Arresting the rot
You are free; free to go to your temples, you are free to go to your mosques or to any other places of worship in this state of Pakistan. You may belong to any religion or caste or creed - that has nothing to do with the business of the state.” This is the road map of religious tolerance that the founder of Pakistan, Quaid e Azam Muhammad Ali Jinnah laid out for the nation at the time of independence. As it were, it has turned out in recent decades that religious tolerance is one among the pillars of the modern state of Pakistan that has been permitted to erode so dreadfully. This is evident from the fact that the country’s blasphemy laws have become increasingly incompatible with the national aspiration to become a progressive, democratic Muslim state and succeeding governments have shied away from revisiting these laws, The Pakistan Penal Code prohibits blasphemy against any religion and penalties are provided, ranging from a fine to death. As such, an accusation of blasphemy commonly subjects the accused to harassment, threats and attacks and such accusation can also lead to vigilantism and rioting.
Blasphemy is actually an extremely sensitive subject for Muslims all over the world. Defiling of the sacred name of the Holy Prophet (PBUH) or the Holy Quran is bound to hurt their sensitivities. Salman Rushdie’s Satanic Verses created quite a furore back in the 1980s. The Danish cartoons and many other similar episodes before and since have been a source of provocation for the Muslims. Recently, a highly offensive film has been produced in the US depicting the Prophet Muhammad (PBUH). The film has ignited a massive reaction across the Muslim world. Protests emanated from the Middle East and North Africa, leading to the death of the US ambassador and three other Americans in Libya; the violence soon spread to the rest of the Muslim world. In Pakistan, prominent figures like Salman Taseer (the former governor of Punjab) and Shahbaz Bhatti (the Federal Minister for Minorities), have lost their lives on this count in recent years. There have been other cases in the same vein as that of Aasia Bibi and Dr. Mohammad Younus Shaikh. Another recent example is that of Rimsha Masih, a minor Christian girl suffering from Down’s syndrome, who has been accused of blasphemy.

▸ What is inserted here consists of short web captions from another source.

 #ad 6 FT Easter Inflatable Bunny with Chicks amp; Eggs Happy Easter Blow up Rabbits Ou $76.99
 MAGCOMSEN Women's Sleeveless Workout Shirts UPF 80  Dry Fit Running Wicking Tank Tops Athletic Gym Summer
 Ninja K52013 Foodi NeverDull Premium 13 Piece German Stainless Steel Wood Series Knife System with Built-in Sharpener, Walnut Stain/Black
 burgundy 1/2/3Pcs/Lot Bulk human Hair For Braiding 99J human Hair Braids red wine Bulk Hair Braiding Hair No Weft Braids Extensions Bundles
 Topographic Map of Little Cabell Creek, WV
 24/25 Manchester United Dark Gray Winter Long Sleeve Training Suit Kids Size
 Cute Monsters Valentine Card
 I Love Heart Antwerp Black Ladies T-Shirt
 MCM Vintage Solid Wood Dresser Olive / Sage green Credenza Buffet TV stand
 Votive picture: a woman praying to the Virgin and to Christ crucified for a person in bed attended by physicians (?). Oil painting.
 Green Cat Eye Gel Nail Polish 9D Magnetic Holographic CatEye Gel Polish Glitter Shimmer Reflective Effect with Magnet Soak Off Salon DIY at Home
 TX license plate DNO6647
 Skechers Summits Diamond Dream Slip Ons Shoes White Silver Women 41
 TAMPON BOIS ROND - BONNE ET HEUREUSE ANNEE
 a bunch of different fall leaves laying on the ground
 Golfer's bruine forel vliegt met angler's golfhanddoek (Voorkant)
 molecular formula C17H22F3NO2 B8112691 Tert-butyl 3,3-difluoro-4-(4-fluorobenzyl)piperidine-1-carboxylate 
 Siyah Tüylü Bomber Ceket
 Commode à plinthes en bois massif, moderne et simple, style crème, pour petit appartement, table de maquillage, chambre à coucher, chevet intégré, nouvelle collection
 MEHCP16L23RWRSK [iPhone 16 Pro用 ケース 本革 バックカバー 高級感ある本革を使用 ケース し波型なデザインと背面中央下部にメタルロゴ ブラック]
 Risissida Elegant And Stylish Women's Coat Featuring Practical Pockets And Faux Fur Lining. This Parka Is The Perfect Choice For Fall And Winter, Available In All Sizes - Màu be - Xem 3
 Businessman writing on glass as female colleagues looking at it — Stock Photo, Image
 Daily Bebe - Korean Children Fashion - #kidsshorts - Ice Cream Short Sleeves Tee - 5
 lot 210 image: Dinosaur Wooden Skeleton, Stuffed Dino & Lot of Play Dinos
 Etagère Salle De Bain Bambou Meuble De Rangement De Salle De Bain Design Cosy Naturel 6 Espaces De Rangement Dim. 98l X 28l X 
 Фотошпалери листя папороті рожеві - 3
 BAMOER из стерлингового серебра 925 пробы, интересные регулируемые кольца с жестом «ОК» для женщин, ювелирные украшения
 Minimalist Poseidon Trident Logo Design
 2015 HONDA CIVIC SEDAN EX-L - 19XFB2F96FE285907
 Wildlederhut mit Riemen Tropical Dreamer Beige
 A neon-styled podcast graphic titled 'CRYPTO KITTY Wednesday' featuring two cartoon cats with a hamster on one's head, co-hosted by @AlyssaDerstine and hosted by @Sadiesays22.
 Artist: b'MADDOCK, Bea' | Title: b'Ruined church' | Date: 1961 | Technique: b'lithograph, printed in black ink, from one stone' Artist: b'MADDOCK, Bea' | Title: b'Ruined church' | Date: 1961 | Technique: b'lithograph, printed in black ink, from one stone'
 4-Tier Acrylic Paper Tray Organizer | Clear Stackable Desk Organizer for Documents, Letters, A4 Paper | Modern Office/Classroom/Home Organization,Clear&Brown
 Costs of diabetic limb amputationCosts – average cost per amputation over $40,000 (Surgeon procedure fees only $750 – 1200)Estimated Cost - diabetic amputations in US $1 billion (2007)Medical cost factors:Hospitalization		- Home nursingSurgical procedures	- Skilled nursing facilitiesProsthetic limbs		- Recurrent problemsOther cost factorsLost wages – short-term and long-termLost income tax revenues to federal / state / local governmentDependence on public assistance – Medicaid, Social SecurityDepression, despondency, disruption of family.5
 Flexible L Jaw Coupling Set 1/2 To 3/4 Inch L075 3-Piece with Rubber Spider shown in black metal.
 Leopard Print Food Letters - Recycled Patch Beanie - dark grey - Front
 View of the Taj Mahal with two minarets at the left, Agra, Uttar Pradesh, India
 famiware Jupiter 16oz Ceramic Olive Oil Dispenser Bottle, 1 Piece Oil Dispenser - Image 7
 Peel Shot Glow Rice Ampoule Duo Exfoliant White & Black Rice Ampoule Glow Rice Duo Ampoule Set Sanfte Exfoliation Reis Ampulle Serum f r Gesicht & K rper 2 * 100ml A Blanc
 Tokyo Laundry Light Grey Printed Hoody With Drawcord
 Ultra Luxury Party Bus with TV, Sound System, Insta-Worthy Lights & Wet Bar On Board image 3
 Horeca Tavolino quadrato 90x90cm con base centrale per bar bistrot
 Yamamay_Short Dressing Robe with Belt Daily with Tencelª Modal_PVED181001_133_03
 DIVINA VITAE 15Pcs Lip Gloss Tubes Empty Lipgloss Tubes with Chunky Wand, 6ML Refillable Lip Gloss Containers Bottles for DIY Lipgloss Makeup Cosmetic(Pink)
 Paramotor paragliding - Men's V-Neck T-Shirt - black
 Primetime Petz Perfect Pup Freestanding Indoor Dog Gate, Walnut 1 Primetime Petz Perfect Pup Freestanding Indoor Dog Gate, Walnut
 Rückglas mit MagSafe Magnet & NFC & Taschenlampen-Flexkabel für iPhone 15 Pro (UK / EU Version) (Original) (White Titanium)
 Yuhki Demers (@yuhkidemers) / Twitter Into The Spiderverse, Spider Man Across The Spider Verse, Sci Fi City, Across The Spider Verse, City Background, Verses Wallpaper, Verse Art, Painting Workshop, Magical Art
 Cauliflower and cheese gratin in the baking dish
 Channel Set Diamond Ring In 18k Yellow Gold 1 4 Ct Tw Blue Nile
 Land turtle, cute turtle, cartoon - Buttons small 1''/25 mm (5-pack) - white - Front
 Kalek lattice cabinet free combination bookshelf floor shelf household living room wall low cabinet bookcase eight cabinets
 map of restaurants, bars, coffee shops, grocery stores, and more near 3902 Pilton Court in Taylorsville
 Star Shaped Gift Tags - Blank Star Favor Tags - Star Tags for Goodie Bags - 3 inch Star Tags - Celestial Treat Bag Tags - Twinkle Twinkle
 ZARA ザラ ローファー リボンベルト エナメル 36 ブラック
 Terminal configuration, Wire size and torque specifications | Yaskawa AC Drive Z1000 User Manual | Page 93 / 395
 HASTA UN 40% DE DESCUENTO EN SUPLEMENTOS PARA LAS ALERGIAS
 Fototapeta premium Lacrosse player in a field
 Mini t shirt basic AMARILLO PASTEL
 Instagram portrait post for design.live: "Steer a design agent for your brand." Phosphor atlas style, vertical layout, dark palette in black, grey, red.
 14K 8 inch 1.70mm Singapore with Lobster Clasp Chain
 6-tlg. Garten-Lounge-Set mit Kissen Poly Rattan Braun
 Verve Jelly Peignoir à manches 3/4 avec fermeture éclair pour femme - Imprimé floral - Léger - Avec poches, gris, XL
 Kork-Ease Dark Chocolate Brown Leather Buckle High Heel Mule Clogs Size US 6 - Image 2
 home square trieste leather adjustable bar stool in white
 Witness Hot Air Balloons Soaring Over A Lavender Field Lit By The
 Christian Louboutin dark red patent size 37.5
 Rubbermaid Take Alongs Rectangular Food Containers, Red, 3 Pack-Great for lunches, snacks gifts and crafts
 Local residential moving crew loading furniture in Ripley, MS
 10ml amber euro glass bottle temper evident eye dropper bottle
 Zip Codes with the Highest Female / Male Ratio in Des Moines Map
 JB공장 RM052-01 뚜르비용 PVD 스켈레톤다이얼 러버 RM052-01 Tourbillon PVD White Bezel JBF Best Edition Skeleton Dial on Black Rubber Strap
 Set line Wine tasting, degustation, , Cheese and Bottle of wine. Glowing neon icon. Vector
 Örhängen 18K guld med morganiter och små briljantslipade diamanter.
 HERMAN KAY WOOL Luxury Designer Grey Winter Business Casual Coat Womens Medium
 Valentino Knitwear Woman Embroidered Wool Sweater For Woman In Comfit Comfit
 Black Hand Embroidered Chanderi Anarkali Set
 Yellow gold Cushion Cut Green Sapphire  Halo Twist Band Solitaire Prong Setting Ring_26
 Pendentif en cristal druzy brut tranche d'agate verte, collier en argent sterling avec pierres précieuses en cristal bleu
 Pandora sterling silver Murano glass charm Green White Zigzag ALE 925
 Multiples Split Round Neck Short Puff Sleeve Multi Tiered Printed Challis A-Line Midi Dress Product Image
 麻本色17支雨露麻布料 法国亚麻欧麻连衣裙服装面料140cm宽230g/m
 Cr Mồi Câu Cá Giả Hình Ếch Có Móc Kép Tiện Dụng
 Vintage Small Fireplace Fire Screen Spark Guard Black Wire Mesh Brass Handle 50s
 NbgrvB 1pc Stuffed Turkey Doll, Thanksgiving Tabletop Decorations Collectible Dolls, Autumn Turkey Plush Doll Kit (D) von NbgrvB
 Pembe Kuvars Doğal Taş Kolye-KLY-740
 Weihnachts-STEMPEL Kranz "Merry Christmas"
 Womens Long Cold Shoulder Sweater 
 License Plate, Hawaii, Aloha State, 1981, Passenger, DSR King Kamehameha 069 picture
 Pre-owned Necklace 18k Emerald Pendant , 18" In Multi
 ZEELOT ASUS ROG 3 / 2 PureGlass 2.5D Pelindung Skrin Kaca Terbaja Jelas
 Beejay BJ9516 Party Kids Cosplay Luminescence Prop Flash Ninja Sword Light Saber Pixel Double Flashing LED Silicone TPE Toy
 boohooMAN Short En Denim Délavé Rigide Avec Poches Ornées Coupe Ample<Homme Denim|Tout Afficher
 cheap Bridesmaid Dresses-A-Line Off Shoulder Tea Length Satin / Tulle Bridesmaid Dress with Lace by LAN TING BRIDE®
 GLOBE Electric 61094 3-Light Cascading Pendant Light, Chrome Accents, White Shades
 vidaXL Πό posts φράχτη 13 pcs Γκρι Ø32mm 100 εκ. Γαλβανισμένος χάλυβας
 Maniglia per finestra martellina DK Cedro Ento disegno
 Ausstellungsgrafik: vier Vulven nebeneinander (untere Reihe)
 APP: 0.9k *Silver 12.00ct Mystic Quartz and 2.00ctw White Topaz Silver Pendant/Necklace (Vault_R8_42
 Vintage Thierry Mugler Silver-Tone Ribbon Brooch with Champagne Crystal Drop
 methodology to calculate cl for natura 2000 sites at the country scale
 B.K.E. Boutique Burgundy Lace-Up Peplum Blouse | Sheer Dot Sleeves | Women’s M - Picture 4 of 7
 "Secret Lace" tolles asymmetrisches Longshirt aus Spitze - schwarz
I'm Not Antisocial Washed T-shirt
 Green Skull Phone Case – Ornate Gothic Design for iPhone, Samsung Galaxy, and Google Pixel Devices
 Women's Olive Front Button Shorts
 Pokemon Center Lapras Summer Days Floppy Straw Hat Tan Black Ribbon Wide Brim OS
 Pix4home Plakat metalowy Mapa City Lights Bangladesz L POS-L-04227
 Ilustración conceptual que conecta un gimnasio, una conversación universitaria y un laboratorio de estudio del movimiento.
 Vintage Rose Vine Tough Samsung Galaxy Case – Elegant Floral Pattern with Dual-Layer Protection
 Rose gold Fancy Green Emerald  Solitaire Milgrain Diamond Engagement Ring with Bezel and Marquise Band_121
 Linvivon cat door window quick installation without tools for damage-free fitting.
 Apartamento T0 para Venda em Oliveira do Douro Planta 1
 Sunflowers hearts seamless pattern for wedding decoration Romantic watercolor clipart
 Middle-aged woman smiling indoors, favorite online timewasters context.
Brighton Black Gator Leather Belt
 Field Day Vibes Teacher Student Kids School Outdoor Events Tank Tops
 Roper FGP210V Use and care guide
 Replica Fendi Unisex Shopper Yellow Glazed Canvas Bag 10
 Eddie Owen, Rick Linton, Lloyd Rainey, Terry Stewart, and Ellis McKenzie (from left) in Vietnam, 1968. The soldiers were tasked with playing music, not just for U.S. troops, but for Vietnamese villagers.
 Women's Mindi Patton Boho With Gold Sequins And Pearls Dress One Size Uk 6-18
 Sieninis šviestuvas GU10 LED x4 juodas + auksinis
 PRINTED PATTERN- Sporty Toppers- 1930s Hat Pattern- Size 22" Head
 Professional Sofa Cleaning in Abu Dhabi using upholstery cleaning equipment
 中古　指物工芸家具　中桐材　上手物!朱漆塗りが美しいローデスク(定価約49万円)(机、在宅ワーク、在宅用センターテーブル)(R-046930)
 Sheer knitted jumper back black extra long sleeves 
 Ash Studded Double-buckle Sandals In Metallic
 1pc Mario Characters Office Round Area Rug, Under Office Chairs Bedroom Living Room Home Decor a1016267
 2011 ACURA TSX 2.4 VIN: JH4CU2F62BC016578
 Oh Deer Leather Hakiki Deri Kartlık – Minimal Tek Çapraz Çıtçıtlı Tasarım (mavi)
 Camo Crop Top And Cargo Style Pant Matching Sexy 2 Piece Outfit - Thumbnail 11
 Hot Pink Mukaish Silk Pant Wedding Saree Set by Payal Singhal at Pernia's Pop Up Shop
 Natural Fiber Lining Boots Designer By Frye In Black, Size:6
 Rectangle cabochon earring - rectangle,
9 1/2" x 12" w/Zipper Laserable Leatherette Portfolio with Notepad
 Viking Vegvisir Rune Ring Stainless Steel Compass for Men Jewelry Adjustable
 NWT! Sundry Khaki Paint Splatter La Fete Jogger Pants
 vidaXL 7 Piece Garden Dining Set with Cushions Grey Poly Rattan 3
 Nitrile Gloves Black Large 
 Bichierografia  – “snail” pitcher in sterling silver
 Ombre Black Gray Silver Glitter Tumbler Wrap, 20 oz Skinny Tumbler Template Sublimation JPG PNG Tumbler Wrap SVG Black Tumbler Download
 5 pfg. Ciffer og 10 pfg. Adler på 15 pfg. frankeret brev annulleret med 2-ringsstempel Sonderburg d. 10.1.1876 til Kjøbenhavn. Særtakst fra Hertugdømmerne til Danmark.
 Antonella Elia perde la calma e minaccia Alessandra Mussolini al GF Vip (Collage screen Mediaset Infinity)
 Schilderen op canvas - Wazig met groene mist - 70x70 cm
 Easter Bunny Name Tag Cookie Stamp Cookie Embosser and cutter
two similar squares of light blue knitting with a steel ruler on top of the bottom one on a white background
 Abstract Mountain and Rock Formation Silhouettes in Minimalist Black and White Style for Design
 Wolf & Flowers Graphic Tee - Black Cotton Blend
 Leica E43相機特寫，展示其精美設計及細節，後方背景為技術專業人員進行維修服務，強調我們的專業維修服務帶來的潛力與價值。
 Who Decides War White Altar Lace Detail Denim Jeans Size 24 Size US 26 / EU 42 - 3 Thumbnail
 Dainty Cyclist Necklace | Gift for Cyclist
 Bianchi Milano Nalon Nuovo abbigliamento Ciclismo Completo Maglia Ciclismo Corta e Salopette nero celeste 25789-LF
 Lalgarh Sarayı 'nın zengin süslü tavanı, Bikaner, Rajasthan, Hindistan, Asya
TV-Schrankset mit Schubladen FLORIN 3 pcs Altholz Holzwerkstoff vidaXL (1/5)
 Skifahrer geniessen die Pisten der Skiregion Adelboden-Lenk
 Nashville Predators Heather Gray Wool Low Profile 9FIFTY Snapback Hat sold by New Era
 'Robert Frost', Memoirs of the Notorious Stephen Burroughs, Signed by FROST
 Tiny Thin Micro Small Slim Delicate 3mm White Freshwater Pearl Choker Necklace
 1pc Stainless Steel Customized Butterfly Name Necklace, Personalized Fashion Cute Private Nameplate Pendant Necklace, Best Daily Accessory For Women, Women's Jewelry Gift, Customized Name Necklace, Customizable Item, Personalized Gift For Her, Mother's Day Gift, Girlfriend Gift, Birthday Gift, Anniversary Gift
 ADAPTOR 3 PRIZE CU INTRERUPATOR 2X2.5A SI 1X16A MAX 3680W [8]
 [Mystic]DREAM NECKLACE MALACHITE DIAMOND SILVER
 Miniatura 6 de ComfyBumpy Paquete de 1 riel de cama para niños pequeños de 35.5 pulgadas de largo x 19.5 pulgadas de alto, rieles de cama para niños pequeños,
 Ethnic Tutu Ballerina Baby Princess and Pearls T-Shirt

As already demanded by certain quarters, there is an urgent need for a national debate in Pakistan on the blasphemy laws and the need to overhaul all such laws that can be abused by certain mischievous elements with ulterior motives. It is high time that the state, judiciary, parliament and civil society stepped forward to play a proactive role in dissipating the deep-rooted climate of fear surrounding the blasphemy issue. Now is the time to check the rot and to save the Pakistani society from taking another route to self-destruction. The Muslim world in general must also review its customary reaction to religious provocations and devise a collective strategy to demonstrate religious tolerance.